→ **TASK GOAL**
Exactly the lines below, starting with the one containing "Especially Your Butt.." and going on through the one containing "We Have the Technology (Kara Platoni)", must be reproduced, both ends included, and no pictures with them.
━━━━━━
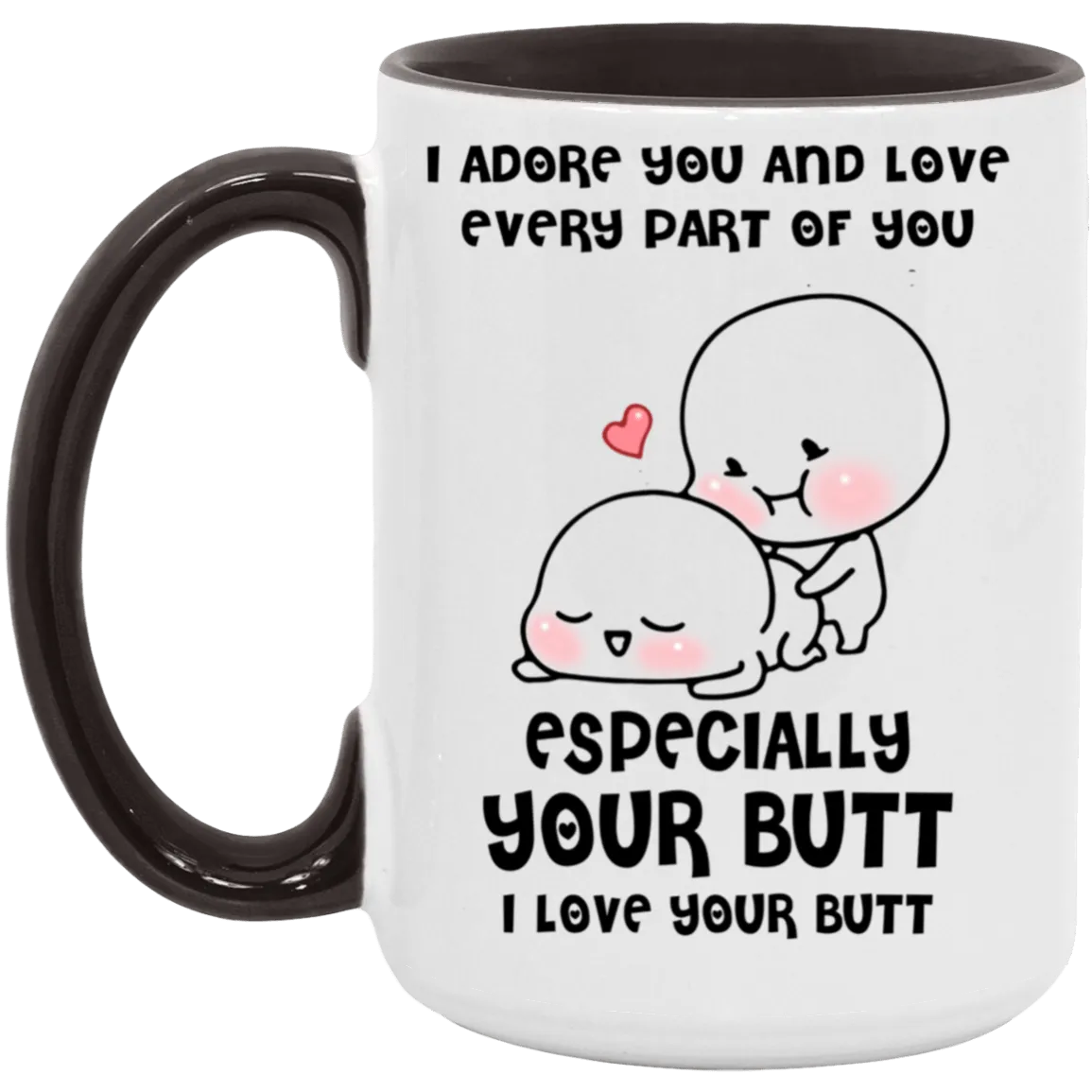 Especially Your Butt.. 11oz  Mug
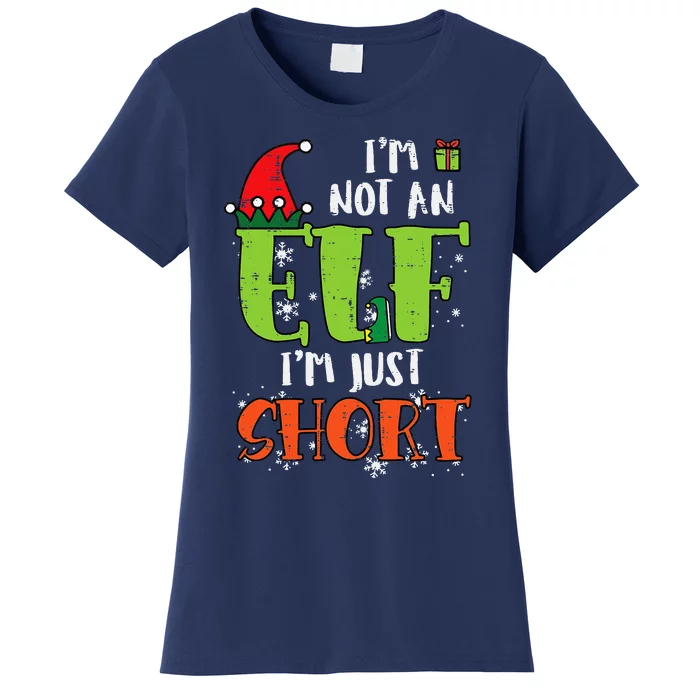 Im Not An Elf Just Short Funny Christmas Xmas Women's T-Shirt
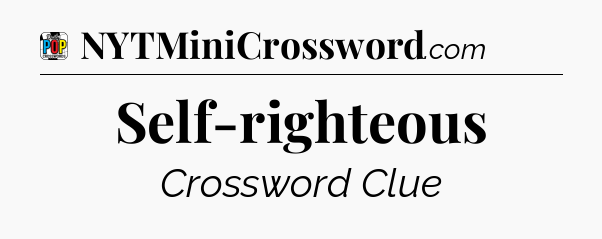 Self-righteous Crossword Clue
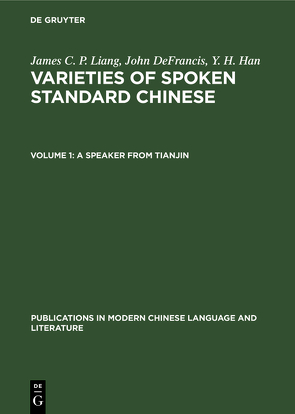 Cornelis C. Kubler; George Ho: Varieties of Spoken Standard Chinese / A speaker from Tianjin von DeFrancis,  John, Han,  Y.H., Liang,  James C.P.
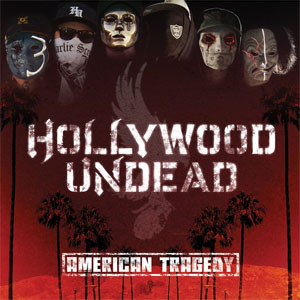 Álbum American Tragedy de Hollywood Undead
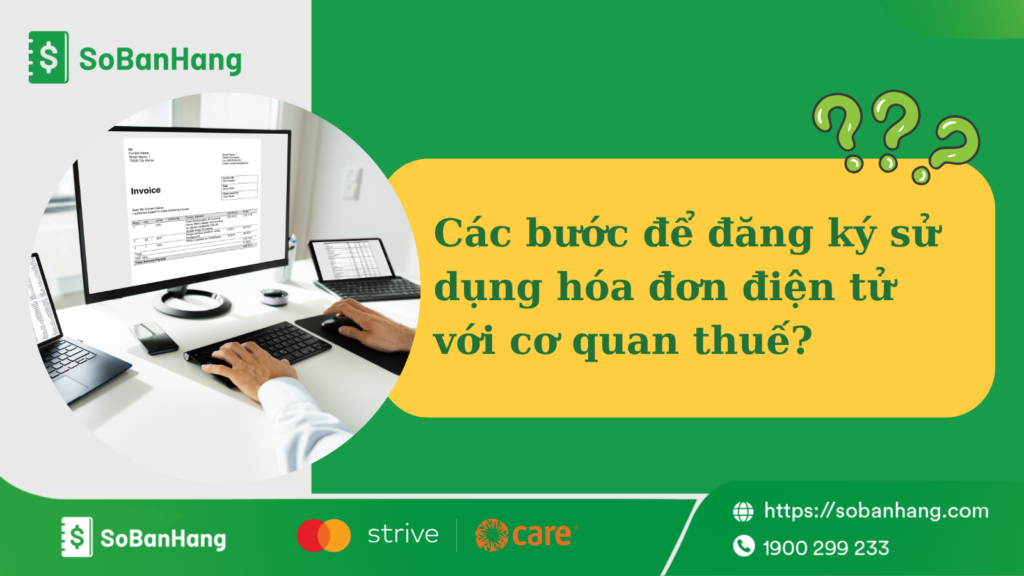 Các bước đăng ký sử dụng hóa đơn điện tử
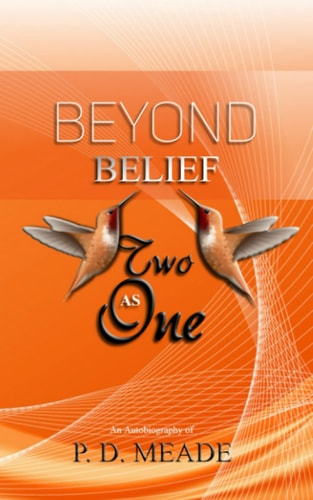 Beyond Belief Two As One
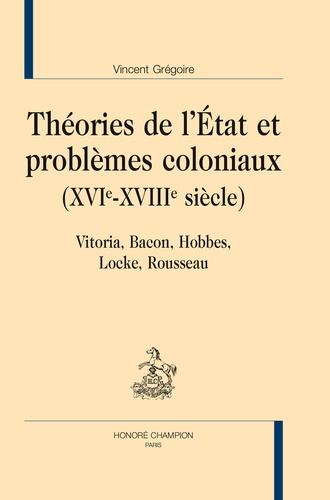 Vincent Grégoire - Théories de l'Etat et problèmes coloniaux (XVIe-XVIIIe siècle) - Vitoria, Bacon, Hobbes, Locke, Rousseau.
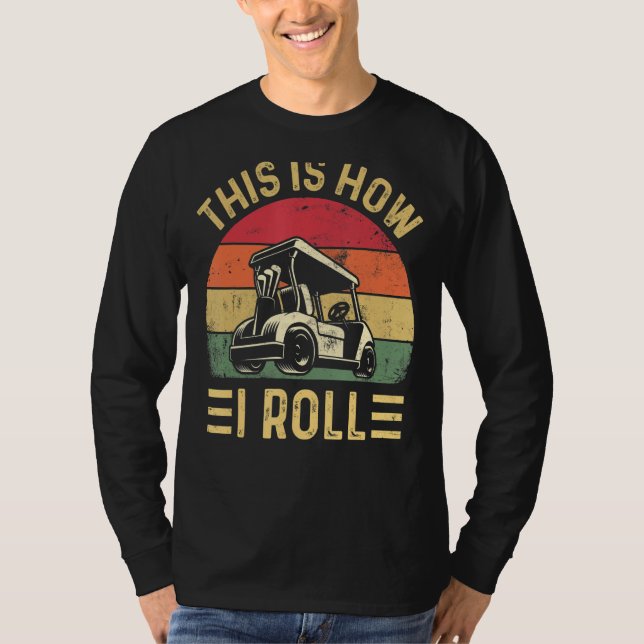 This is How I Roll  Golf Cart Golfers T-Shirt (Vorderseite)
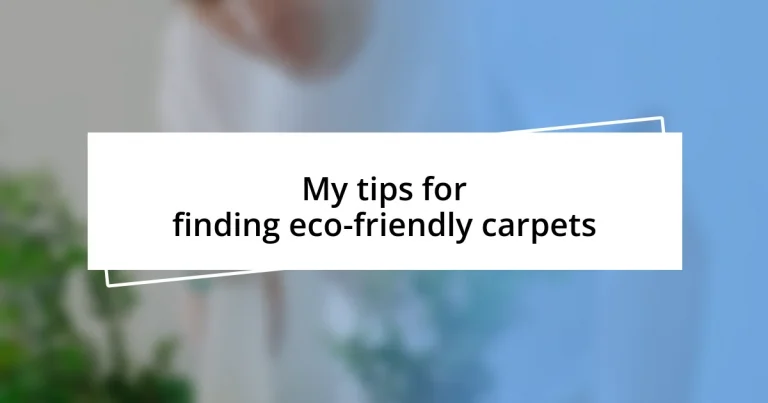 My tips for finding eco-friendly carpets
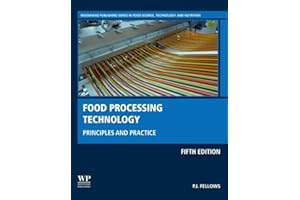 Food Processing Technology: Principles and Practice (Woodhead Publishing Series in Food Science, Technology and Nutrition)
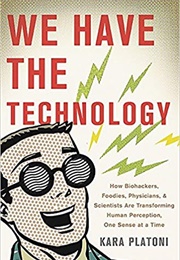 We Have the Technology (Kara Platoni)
━━━━━━
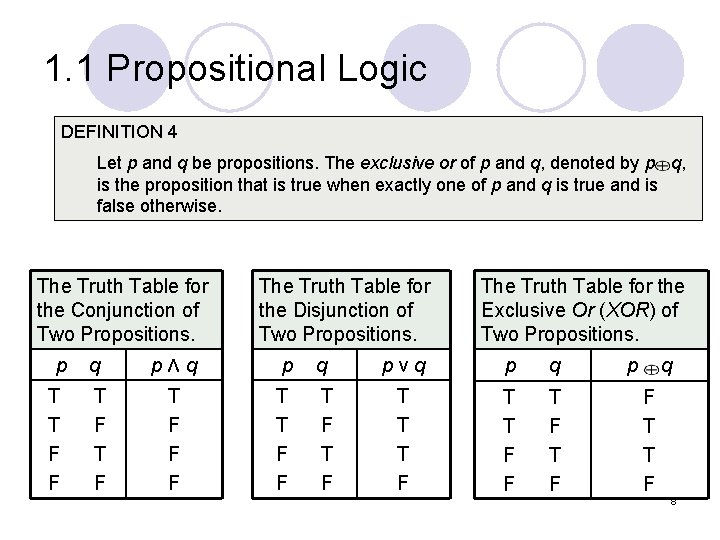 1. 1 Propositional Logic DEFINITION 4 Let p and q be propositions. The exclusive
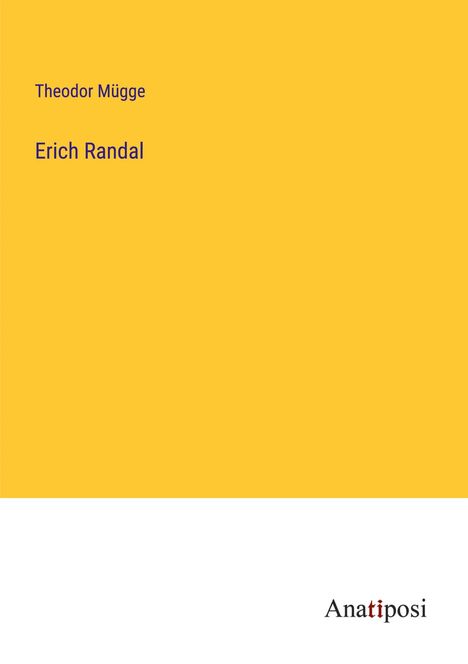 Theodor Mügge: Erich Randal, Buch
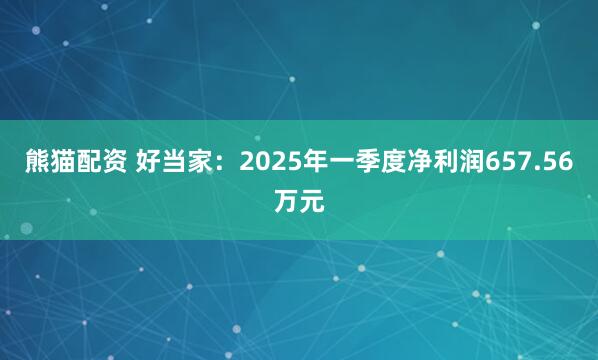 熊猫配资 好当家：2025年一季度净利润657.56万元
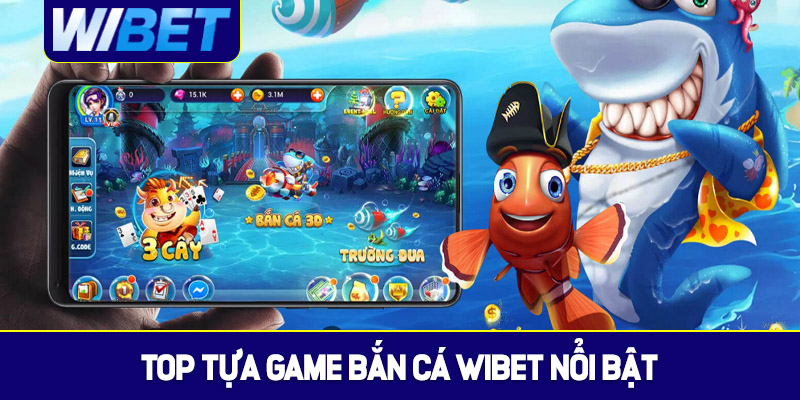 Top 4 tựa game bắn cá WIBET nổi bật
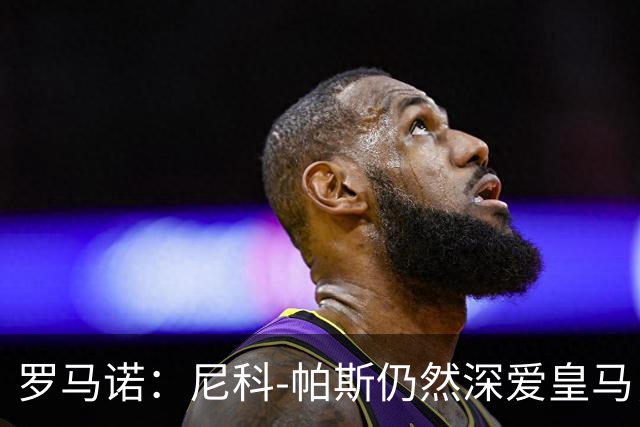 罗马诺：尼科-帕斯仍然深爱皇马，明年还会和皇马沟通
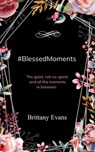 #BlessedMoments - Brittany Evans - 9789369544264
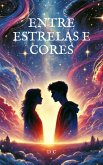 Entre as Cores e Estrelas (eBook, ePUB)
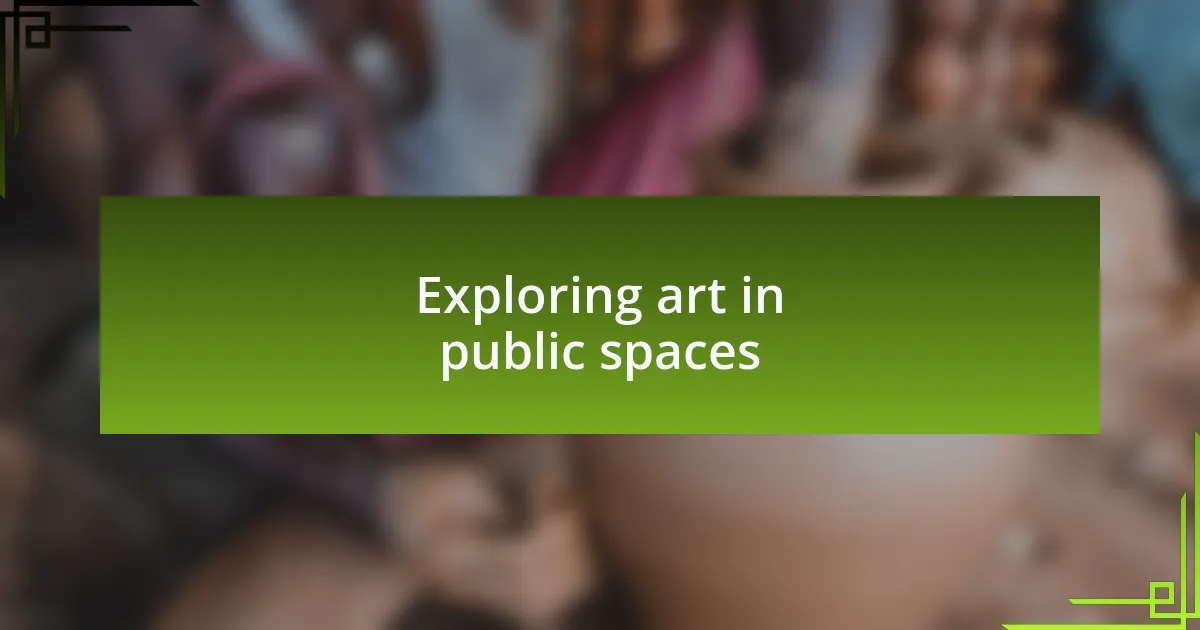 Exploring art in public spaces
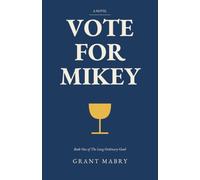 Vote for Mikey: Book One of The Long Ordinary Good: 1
━━━━━━
→ **RESULT**
 Especially Your Butt.. 11oz  Mug
 Im Not An Elf Just Short Funny Christmas Xmas Women's T-Shirt
 Self-righteous Crossword Clue
 Cornelis C. Kubler; George Ho: Varieties of Spoken Standard Chinese / A speaker from Tianjin von DeFrancis,  John, Han,  Y.H., Liang,  James C.P.
 Álbum American Tragedy de Hollywood Undead
 Các bước đăng ký sử dụng hóa đơn điện tử
 Beyond Belief Two As One
 Vincent Grégoire - Théories de l'Etat et problèmes coloniaux (XVIe-XVIIIe siècle) - Vitoria, Bacon, Hobbes, Locke, Rousseau.
 This is How I Roll  Golf Cart Golfers T-Shirt (Vorderseite)
 My tips for finding eco-friendly carpets
 Food Processing Technology: Principles and Practice (Woodhead Publishing Series in Food Science, Technology and Nutrition)
 We Have the Technology (Kara Platoni)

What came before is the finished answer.